El otro día estuve hablando con un amigo de internet sobre videojuegos retro. Por todos es sabido que soy un gran fan entusiasta del cine porno retro, además así es exactamente como me gusta definirme ya que no me considero ningún friki, pero mi faceta de entusiasta del abandoneware la aireo algo menos.
A lo mejor te llevaste una mala impresión de mí cuando en su día te conté que era misántropo. Afortunadamente comprendiste mi explicación y aunque evite las conversaciones insustanciales a toda costa, sabrás que las conversaciones con fundamento me apasionan. Y la conversación a la que hago referencia fue apasionante.
Estuvimos haciendo una retrospectiva bastante interesante de la evolución de los videojuegos basándonos en las vivencias personales de cada uno, por eso fue tan interesante porque textos que hablen sobre la historia de los videojuegos los hay a cientos pero las vivencias personales narradas con elocuencia son bastante escasas.

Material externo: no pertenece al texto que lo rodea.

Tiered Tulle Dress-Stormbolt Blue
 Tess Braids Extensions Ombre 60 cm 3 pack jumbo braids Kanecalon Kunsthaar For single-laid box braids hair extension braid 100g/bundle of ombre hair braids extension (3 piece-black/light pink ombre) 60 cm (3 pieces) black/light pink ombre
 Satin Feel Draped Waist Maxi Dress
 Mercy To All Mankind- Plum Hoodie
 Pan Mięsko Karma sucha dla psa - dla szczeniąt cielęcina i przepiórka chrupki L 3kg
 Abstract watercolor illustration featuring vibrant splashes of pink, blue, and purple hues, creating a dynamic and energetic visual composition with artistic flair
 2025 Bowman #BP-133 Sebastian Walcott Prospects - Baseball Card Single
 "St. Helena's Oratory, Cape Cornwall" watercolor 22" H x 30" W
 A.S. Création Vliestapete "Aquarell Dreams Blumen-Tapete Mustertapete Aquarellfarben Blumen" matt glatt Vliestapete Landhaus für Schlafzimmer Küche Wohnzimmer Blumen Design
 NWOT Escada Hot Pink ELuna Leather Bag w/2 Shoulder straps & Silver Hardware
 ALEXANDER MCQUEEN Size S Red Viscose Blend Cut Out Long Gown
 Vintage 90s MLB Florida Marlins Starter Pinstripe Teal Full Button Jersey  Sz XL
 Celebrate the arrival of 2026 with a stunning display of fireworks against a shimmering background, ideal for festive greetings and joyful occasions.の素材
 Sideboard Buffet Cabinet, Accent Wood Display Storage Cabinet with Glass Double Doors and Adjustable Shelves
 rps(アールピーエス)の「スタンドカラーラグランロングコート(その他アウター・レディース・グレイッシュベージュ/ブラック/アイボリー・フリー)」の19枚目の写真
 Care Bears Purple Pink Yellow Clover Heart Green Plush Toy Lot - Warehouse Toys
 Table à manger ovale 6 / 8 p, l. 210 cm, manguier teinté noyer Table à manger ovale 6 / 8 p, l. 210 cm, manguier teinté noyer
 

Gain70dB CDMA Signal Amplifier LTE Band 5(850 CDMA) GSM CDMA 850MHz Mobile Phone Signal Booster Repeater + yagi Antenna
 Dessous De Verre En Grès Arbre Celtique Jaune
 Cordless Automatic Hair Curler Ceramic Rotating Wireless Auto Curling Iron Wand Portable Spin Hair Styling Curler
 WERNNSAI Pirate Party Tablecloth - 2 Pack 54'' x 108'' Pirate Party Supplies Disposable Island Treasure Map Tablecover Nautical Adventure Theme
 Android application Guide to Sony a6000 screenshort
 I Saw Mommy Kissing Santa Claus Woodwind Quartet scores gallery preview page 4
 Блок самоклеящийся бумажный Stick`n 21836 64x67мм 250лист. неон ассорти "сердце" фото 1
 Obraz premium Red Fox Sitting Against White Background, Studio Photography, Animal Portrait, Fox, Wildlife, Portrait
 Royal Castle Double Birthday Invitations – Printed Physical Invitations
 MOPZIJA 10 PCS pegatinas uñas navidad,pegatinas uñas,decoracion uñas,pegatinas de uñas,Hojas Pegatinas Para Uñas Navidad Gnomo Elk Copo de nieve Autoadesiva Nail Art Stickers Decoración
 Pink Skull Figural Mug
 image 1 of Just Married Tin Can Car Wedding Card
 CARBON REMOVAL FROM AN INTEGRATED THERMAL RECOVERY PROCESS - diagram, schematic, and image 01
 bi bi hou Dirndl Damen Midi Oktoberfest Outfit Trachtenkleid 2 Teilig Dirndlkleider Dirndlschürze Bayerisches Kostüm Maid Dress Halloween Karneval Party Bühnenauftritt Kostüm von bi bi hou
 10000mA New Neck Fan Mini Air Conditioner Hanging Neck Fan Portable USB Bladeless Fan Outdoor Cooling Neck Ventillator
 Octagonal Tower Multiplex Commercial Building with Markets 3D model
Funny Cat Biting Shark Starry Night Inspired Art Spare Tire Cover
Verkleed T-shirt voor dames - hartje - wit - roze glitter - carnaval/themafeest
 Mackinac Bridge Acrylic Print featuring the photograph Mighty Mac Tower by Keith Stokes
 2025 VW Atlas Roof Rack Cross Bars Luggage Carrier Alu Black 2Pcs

El caso es que la conversación que prácticamente se había convertido en una tesis filosófica terminó desembocando en un campo muy específico que jamás se me habría ocurrido relacionar con el abandoneware. Estoy hablando de los coños de madre.
Me explico. Este buen hombre me contó el afán por ir a casa de un amigo suyo a jugar a la consola porque la madre de éste le ponía cachondo. Tal y como me la describió, yo la catalogaría como madre primeriza, lo normal teniendo en cuenta que hablamos de comienzos de los 90. Me decía que solía pasearse por la casa sin sujetador marcando pezones. Yo me imagino que esta inocente madre no pensaba que un niño de doce años pudiera observarla con lascivia, y tanto era así que me confesó entre risas que se pelaba el cipote con brío cada vez que llegaba a su casa pensando en aquellas santas tetas.
De hecho cada vez que esta mujer se metía en el baño o en su habitación, él intentaba pasearse yendo a la cocina a por un vaso de agua en pos de verla semidesnuda deambulando por su alcoba. Para su desdicha jamás la vio desnuda, pero me decía lo cachondo que se ponía cuando la escuchaba mear porque su obsesión era imaginar aquellos orines saliendo de su coño de madre.
Los jajajajajaja que le escribía a cada frase que soltaba eran infinitos porque estaba llorando de risa según lo contaba. De hecho llegó a decirme que una de esas tardes de Street Fighter, aprovechando que no estaban los padres del anfitrión, logró meterse en el dormitorio marital para robarle una braga de la mesita de noche a aquella buena señora. Estas cosas a mí me cuesta creerlas porque yo jamás me atrevería a hacer algo así, pero también soy consiente del grado de temeridad que pueden desarrollar algunas personas aunque éstas sean aún niños imberbes. Ni que decir tiene que aquellas bragas fueron el fetiche de este pajizo durante un par de meses.
El caso es que antes de aquella conversación jamás hubiese asociado el mundo del videojuego a la erótica de los coños de madre. Cuan maravillosas son esas historias de conductas errantes y libres de perjuicios.